Ross lifted his shirt to show he was wearing a thick back brace. “How ‘bout this, I look like Ron Hunt.”
Hunt was hit 243 times, leading the majors six straight seasons (1968-73). The former Montreal Expos second baseman ranks sixth behind Hall of Famer Hughie Jennings, who was hit 287 times. Next on the list are Hall of Famer Craig Biggio (285), Tommy Tucker (272), Don Baylor (267) and Jason Kendall (254).
Paul Beeston, former president, 36 openers.
Beeston stopped by manager John Gibbons’ office to wish the skipper good luck.
Len Frejlich, visiting clubhouse manager, 41 openers.
Frejlich started in 1977 working in the ticket office before moving to the visiting clubhouse.
Mario Coutinho, vice president, stadium operations and security, 35 openers.
Coutinho was on his walkie-talkie and walking three hours before first pitch as he always is moving from one area to another.
Perry Silverman, visiting clubhouse attendant, first opener.
Silverman is the son of the legendary John Silverman, who runs the clubhouse of the Florida Marlins after doing the same for the Montreal Expos.
Perry Silverman was a speedy outfielder for Mike McRae’s Canisius Golden Griffs and now he is following in his father’s footsteps.
Dante De Caria, media intern, first opener.
De Caria is on loan from Algonquin College in Ottawa where he graduated from St. Pat’s high school and was taught by Mike Kusiewicz, the left-hander who spent 10 years in the minors, four more in Independent ball and pitched for Team Canada.
Last season Mike Nellis and De Caria broadcast the Ottawa Champions games as well as having a show Around The Diamond on itunes.
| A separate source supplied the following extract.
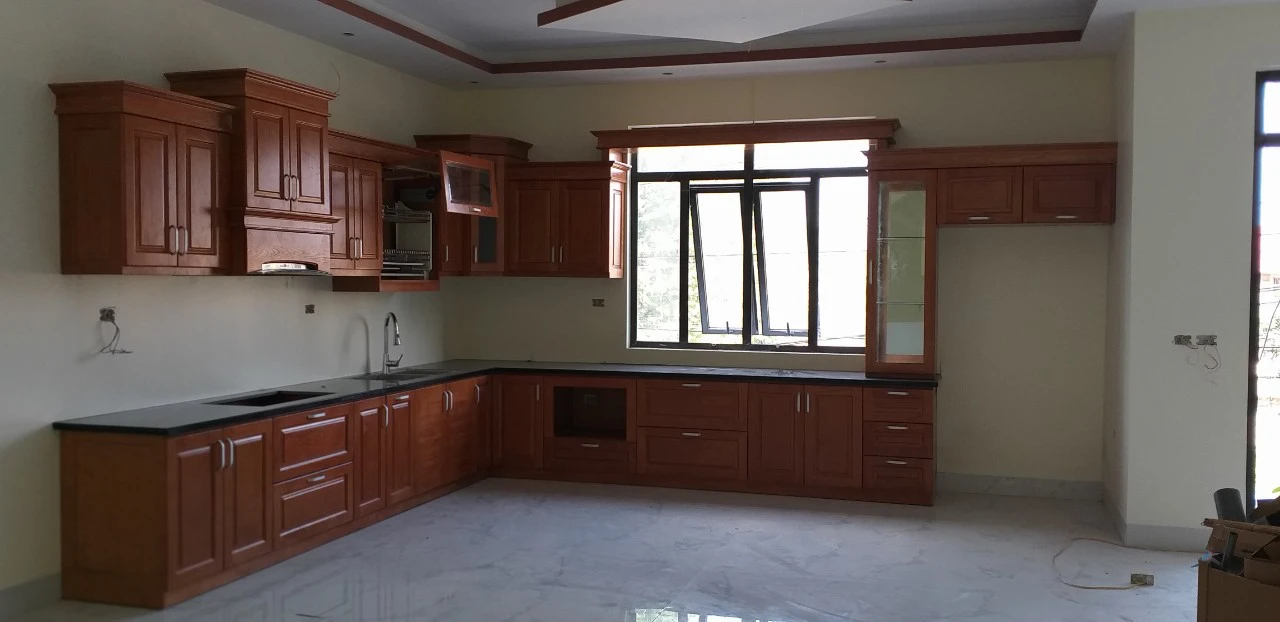 Tủ bếp gỗ Xoan Đào - D7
De Caria said TSN’s Scott (162) MacArthur helped him get the job in Toronto.
Benjamin Warn, stationed at CFB Trenton, first opener.
The 6-foot-8, 315-pound Warn was easy to spot towering above the crowd. He was one of 150 military women and men who helped unfold the giant Maple Leaf ... both at 11 AM practice and just before our anthem was sung.
And where was Warn standing? “Right by the stem,” he said, who played high school football at Sarnia Collegiate Institute & Technical School. Warn says his plan was to enter the military and then look for work in police force, but the people are “so nice” in the service he might stay.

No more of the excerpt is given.